Wednesday, November 28, 2018

McGee and Me #8 Numbers

Numbers. (Thru the Bible #8) J. Vernon McGee. 1975. 204 pages. [Source: Bought]

I recently bought a complete set of J. Vernon McGee's Thru the Bible commentary series. These books are loosely based on his popular radio program. I have read a handful of his commentaries in the past--including this one--but I plan on reading and/or rereading all of the commentaries (again)

Though Numbers has thirty-six chapters, McGee tackles them all in one book. The book is a surprisingly quick read. 

From the introduction: The Book of Numbers, called Arithmoi (meaning “Arithmetic”) in the Septuagint, gets its name from the census in chapters 1 and 26. Numbers takes up the story where Exodus left off. It is the fourth book of the Pentateuch.

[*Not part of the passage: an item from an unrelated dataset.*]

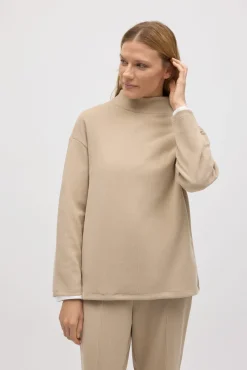 Jersey cuello perkins efecto pana beige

From chapter one: God spoke to Moses in the wilderness, but He spoke from the tabernacle. The tabernacle was in the wilderness. Just so, the church today is in the world.

Numbers has never been my favorite book in the Pentateuch. (That would probably be Genesis or Deuteronomy.) But I was able to come to a better appreciation of it thanks to J. Vernon McGee. Some of the chapters that I find most tedious--even boring--he brought new insights to. (For example, the second longest chapter in the Bible--the one where each of the twelve tribes gives the exact same offering.)

I am still loving McGee's casual approach or narrative style. I am sure there are more informative, perhaps better written commentaries out there. But McGee is readable and fun.

Quotes:

  • God has saved us by His infinite, marvelous, wonderful grace. But you and I are in a world that is wicked and rough. Like the children of Israel out in the wilderness, we are in the wilderness of this world, which is full of sin.
  • In this book we will find wars and trumpets, battles and giants—all of that. You and I live in that kind of world yet today.
  • One would think we have here 54 verses of unnecessary details which are quite boring, but we need to remember that these details were important to God.
  • First of all, we see that God is interested in the individuals. Mass movements have their place and play their role but God is interested in redeemed individuals. He is interested in every individual.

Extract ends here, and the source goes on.